FIG. 2 illustrates the details of the annealing fixture in which the ribbon is transported through the oven. FIG. 2a sketches the cross-section, FIG. 2b the side view and FIGS. 2c, 2 d the longitudinal sections of the annealing fixture. The annealing fixture according to the principles of this invention is a combination of at least one segment with a curved channel as sketched in FIG. 2c followed a straight channel as sketched in FIG. 2d.
FIG. 3 illustrates an alternative cross-section of the annealing fixture, which gives the annealed ribbon a transverse curvature.
FIG. 4 illustrates the definition of the curl C of a piece of ribbon. The curvature may be in transverse and/or longitudinal ribbon direction. The curl is defined as the maximum height C between the ribbon 10 and a flat surface 40 on which a strip of a certain length and a certain width is put. For the longitudinal curvature, in this specification, the curl is the maximum height C between a ribbon 10 of a 38 mm long piece of a 6 mm wide ribbon and the flat surface 40.
FIG. 5 shows the curl of a 38 mm long piece of a 6 mm wide ribbon annealed at 350° C. as a function of the annealing speed. C1 and C2 denote comparative examples of the prior art; I1 through I4 denote samples annealed according to the teaching of this invention.

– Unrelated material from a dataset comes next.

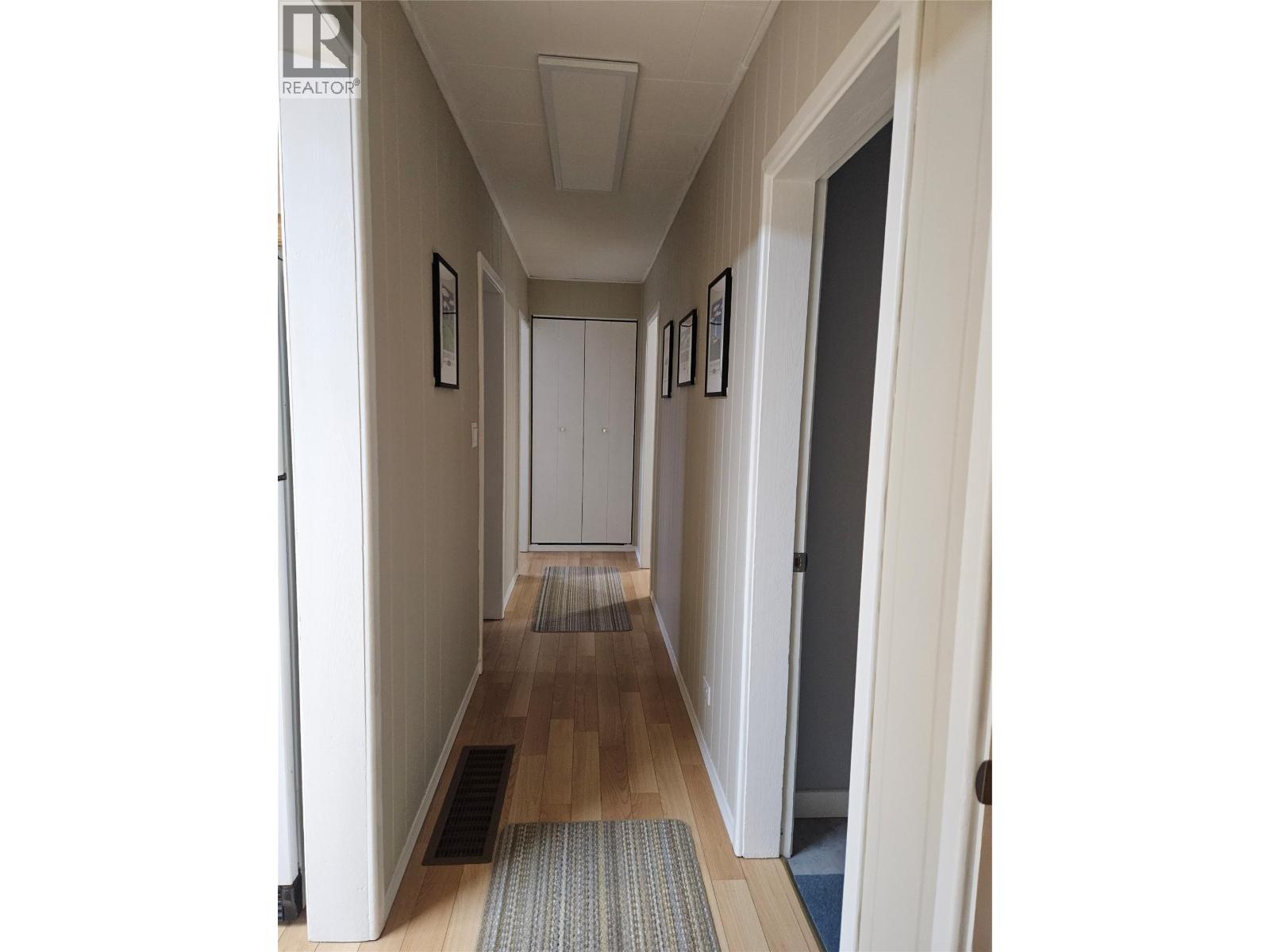 301 5TH Street NW, Nakusp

FIG. 6 shows the BH-loops measured for a 6 mm wide ribbon, field annealed with an annealing speed of 40 m/min. C1 (non-linear loop) denotes a comparative examples of the prior art and I2 (linear loop) is an example annealed according to the teaching of this invention. The figure also provides the definition of the anisotropy field Hk that is the magnetic field strength where the magnetization turns into saturation.
FIG. 7 shows the non-linearity of the BH-loops of a 6 mm wide ribbon annealed at 350° C. as a function of the annealing speed. C1 and C2 denote comparative examples of the prior art; I1 through I4 denote samples annealed according to the teaching of this invention.
FIG. 8 shows the resonant signal A1 of a 38 mm long piece of a 6 mm wide ribbon annealed at 350° C. as a function of the annealing speed. C1 and C2 denote comparative examples of the prior art; I1 through I4 denote samples annealed according to the teaching of this invention.
FIG. 9 is a sketch of an acousto-magnetic marker, which consists of an elongated strip of an amorphous ribbon 10 and a housing 50.
FIG. 1 shows a schematic view of the annealing apparatus 20. The annealing apparatus includes an oven 21 and supply and take-up reels 22, 23 at opposite sides of the oven. A continuous ferromagnetic ribbon 10 is unwound from the supply reel 22 and transported through the oven 21 and then taken up on the take-up reel 23. While the ribbon is transported through the oven its path is supported by an essentially straight annealing fixture 30. The ribbon is engaged between a pair of rollers 24, which draw the ribbon 10 through the oven. The roller 26 supports the ribbon such that the ribbon is introduced into the oven in as straight a way as possible.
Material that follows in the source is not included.